===== RECORDS

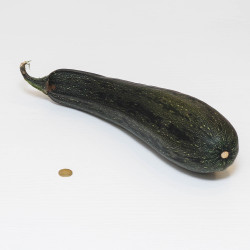 Zucchino  (15 semi) - zucchini classici bio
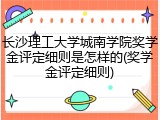长沙理工大学城南学院奖学金评定细则是怎样的(奖学金评定细则)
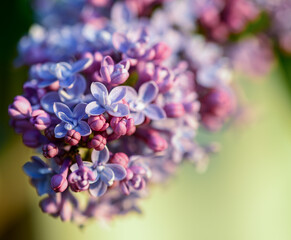 lilac blooms in the setting sun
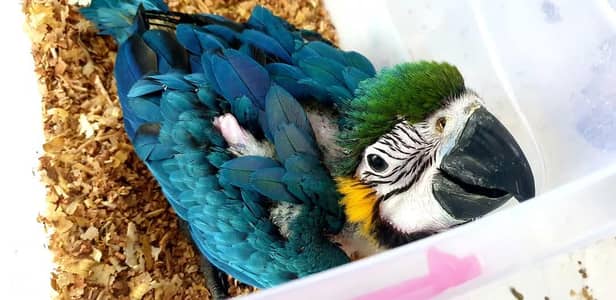 macaw chick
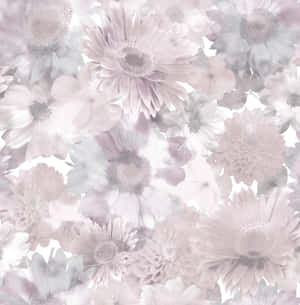 Elegant Gray And Pink Abstract Design Wallpaper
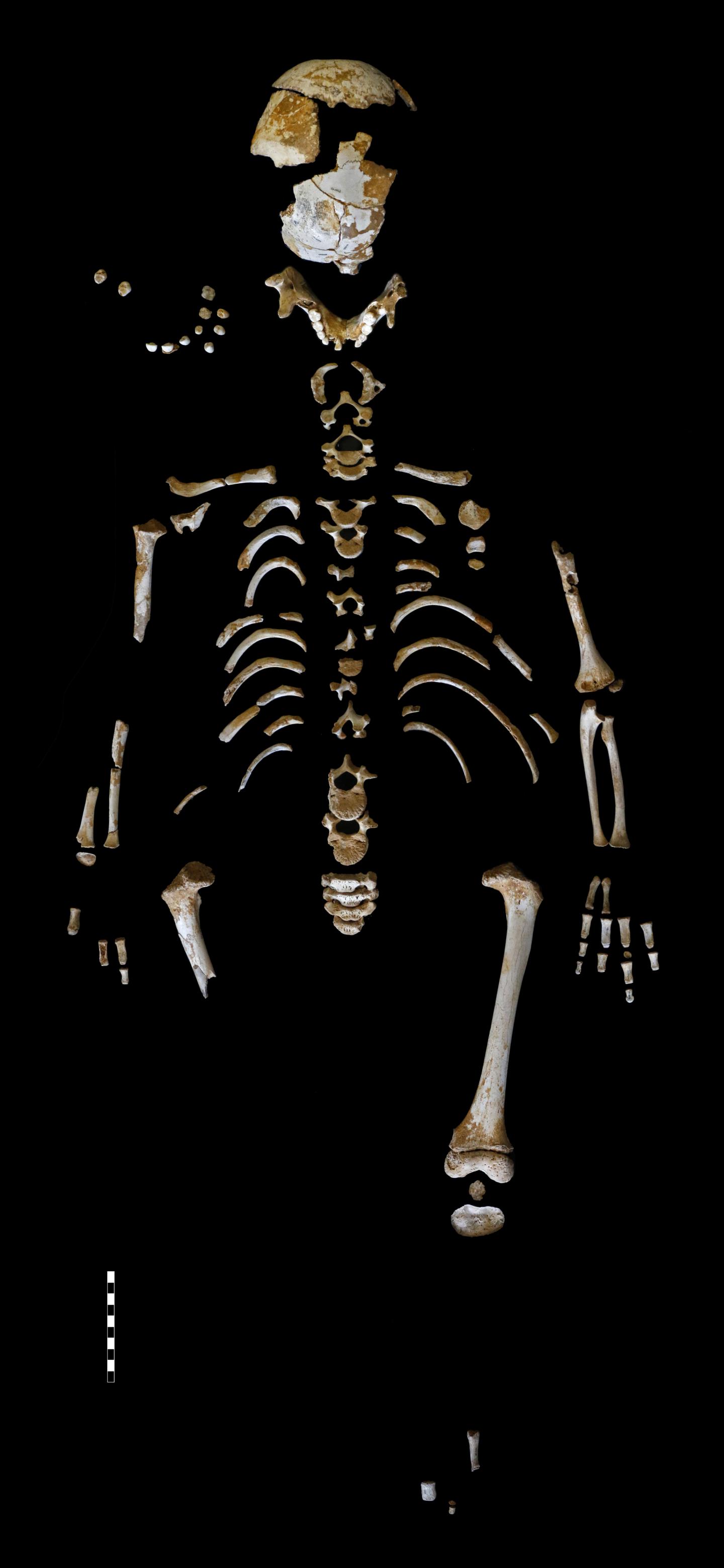 Neandertal Skeleton Reveals the Growth Pattern of Our Extinct Cousins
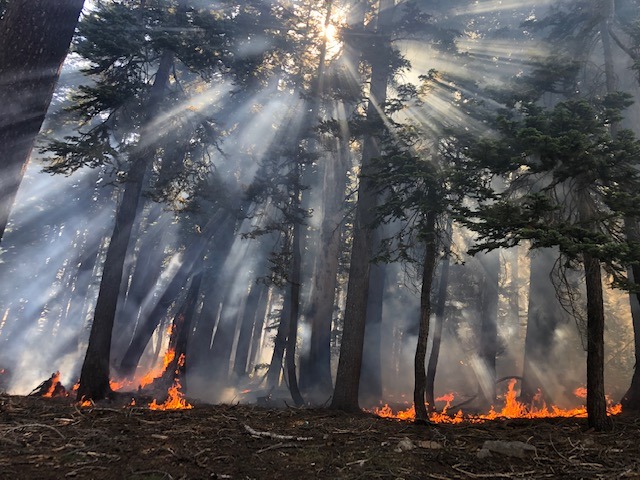 fire1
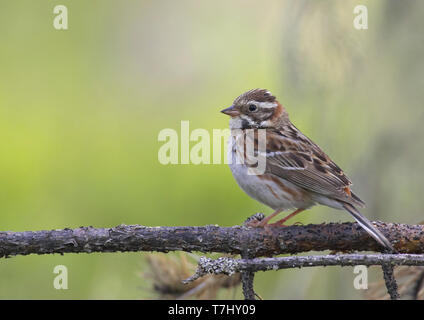 Rustico, Bunting Emberiza rustica Foto Stock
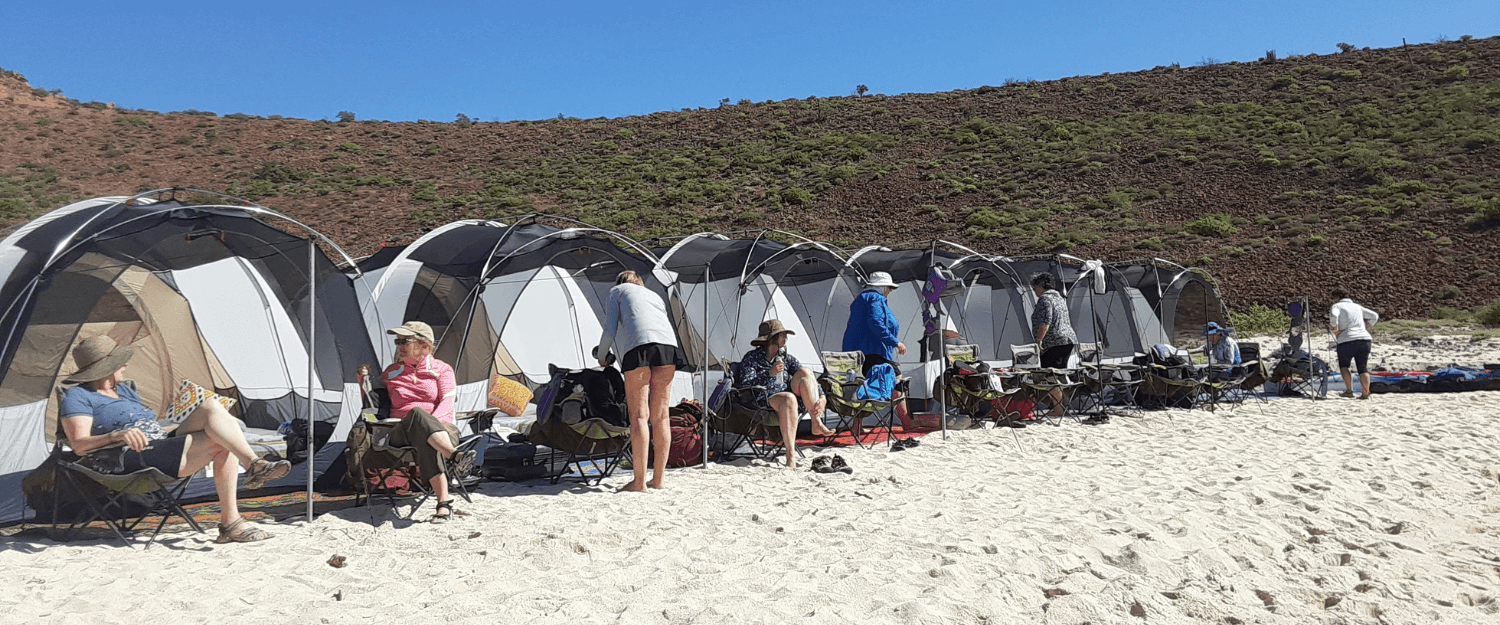 Camping on the Sea Of Cortez | Snorkeling, Boating, Wildlife, Hiking, Stand Up Paddle-boarding, Kayaking in Mexico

==========

» **DIRECTIONS FOR THIS TASK**:
Your job is to transcribe the entries above exactly; skip the pictures.

» **RESULT OF THIS TASK**:
 Zucchino  (15 semi) - zucchini classici bio
长沙理工大学城南学院奖学金评定细则是怎样的(奖学金评定细则)
 lilac blooms in the setting sun
 macaw chick
 Elegant Gray And Pink Abstract Design Wallpaper
 Neandertal Skeleton Reveals the Growth Pattern of Our Extinct Cousins
 fire1
 Rustico, Bunting Emberiza rustica Foto Stock
 Camping on the Sea Of Cortez | Snorkeling, Boating, Wildlife, Hiking, Stand Up Paddle-boarding, Kayaking in Mexico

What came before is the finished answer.